Short web captions
^^^^^^^^^^^^^^^^

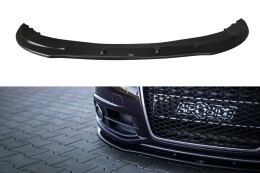 Cup Spoilerlippe Front Ansatz für Audi A6 S-Line C6 FL  schwarz Hochglanz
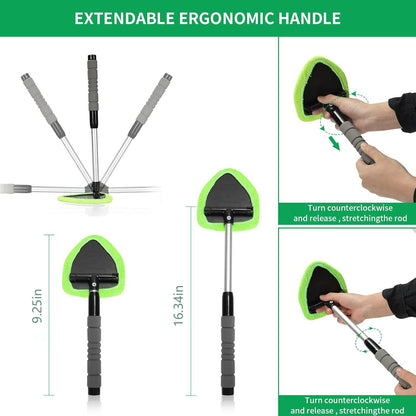 Last Day 49% OFF🔥Microfiber Windshield Cleaner with Extendable Handle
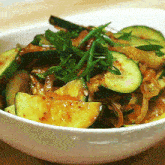 Hobak Namul Korean Zucchini GIF - Hobak Namul Korean Zucchini Food GIFs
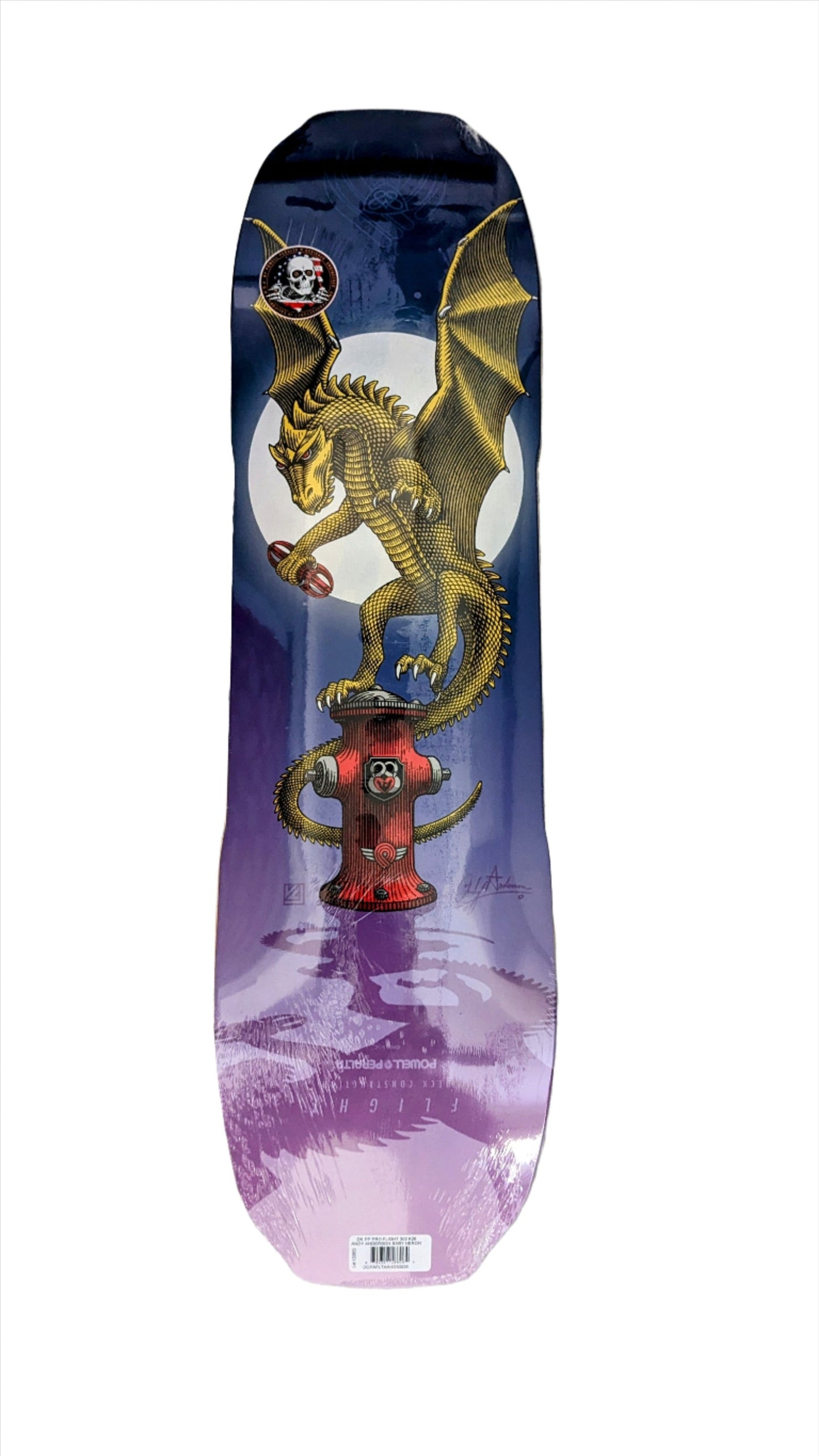 Powell Peralta Pro Andy Anderson Baby Heron (Vajra) FLIGHT® Skateboard Deck - 8.4 x 32.5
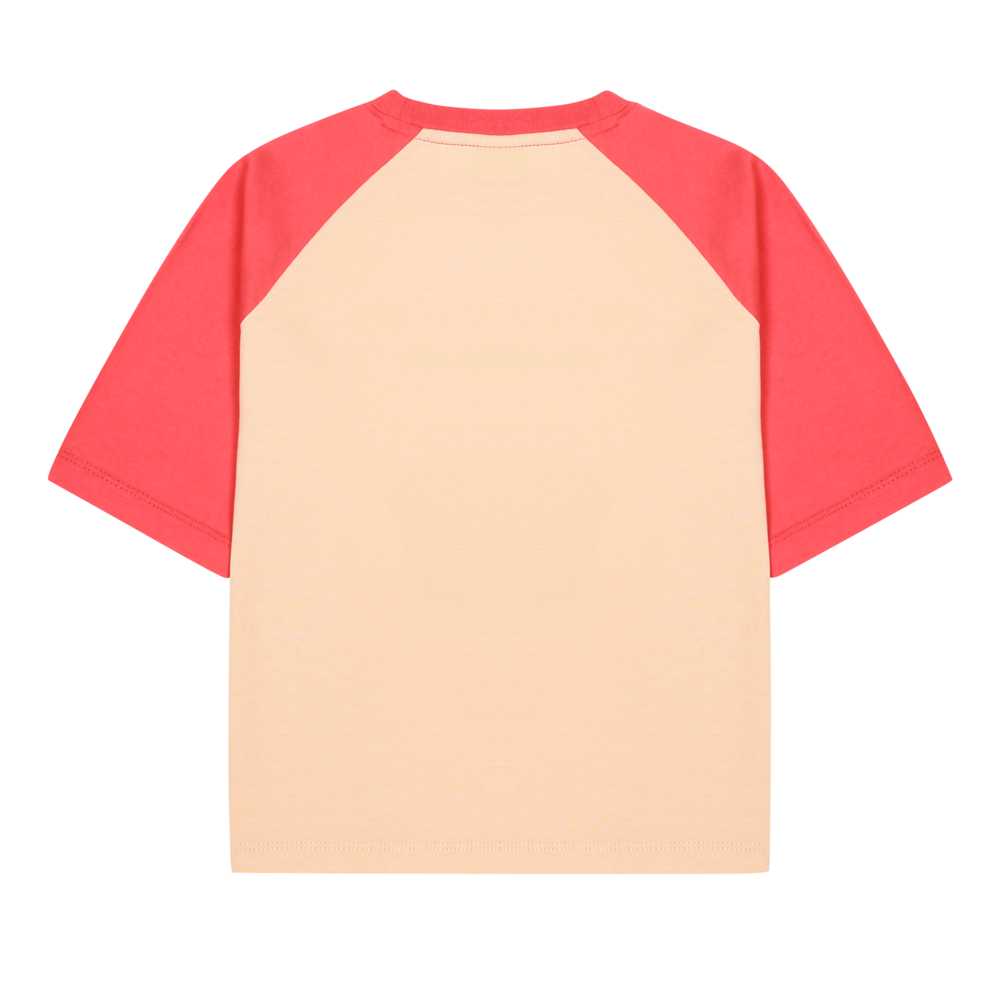 Jelly Mallow Jelly Mallow | Cherry Cupcake Raglan T-shirt | Light Beige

^^^^^^^^^^^^^^^^

What you should do
All of the data is to be transcribed exactly, with images omitted.

Answer to the exercise
 Cup Spoilerlippe Front Ansatz für Audi A6 S-Line C6 FL  schwarz Hochglanz
 Last Day 49% OFF🔥Microfiber Windshield Cleaner with Extendable Handle
 Hobak Namul Korean Zucchini GIF - Hobak Namul Korean Zucchini Food GIFs
 Powell Peralta Pro Andy Anderson Baby Heron (Vajra) FLIGHT® Skateboard Deck - 8.4 x 32.5
 Jelly Mallow Jelly Mallow | Cherry Cupcake Raglan T-shirt | Light Beige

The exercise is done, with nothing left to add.